Data:
****************

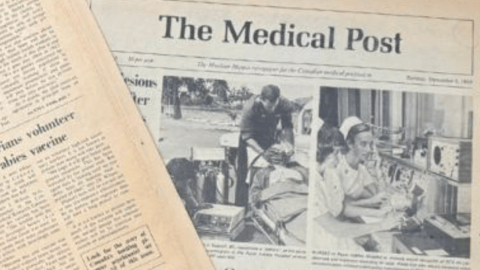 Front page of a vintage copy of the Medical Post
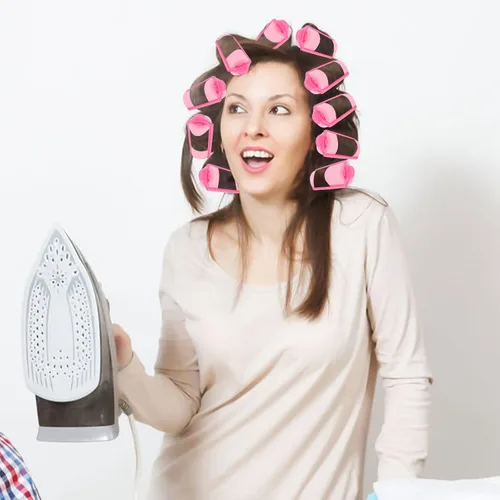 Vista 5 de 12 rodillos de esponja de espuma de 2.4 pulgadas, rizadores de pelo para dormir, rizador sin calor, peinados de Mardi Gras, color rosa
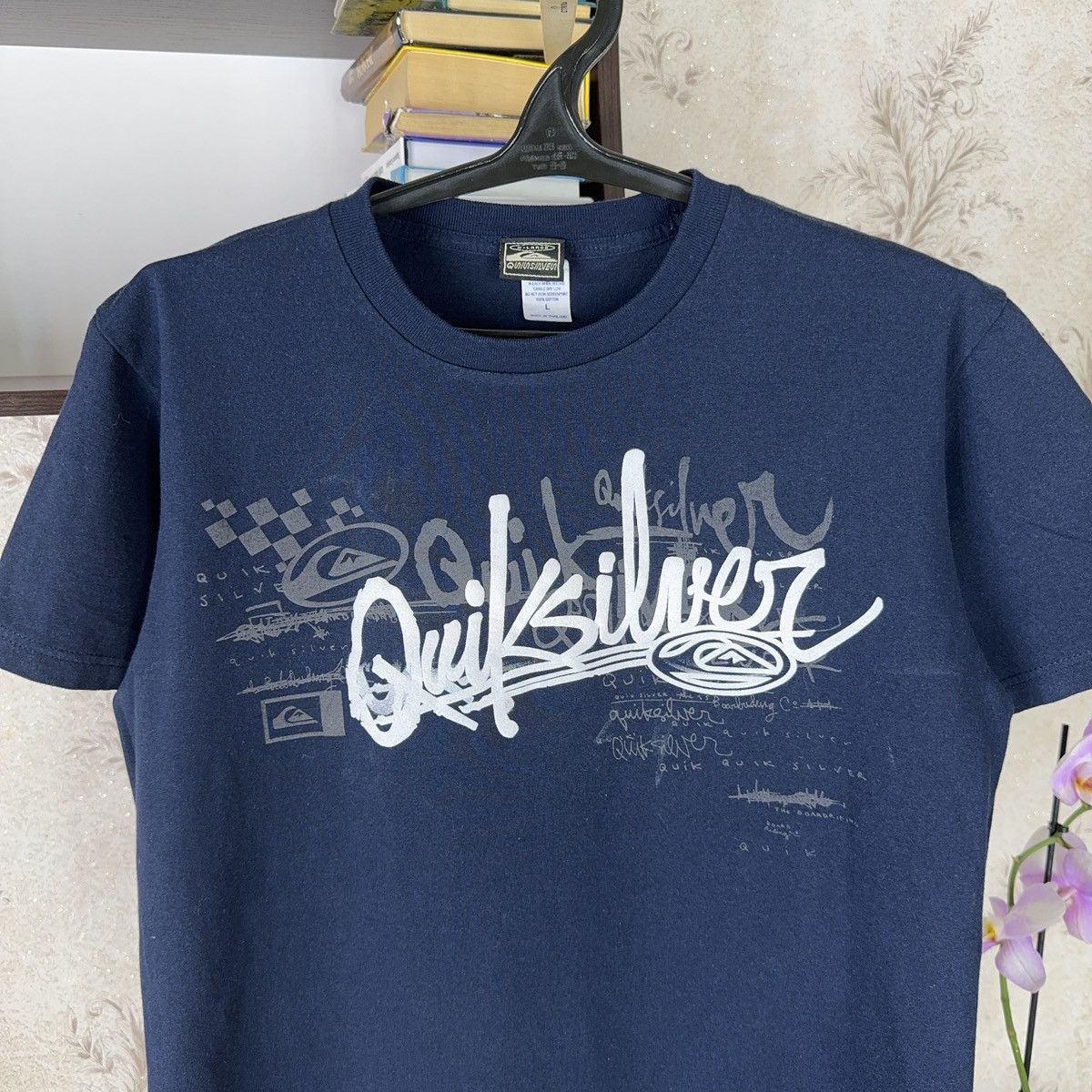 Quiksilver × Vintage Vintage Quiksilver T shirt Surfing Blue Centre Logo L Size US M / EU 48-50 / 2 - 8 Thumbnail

****************

With the pictures omitted, give every line above again exactly.

 Front page of a vintage copy of the Medical Post
 Vista 5 de 12 rodillos de esponja de espuma de 2.4 pulgadas, rizadores de pelo para dormir, rizador sin calor, peinados de Mardi Gras, color rosa
 Quiksilver × Vintage Vintage Quiksilver T shirt Surfing Blue Centre Logo L Size US M / EU 48-50 / 2 - 8 Thumbnail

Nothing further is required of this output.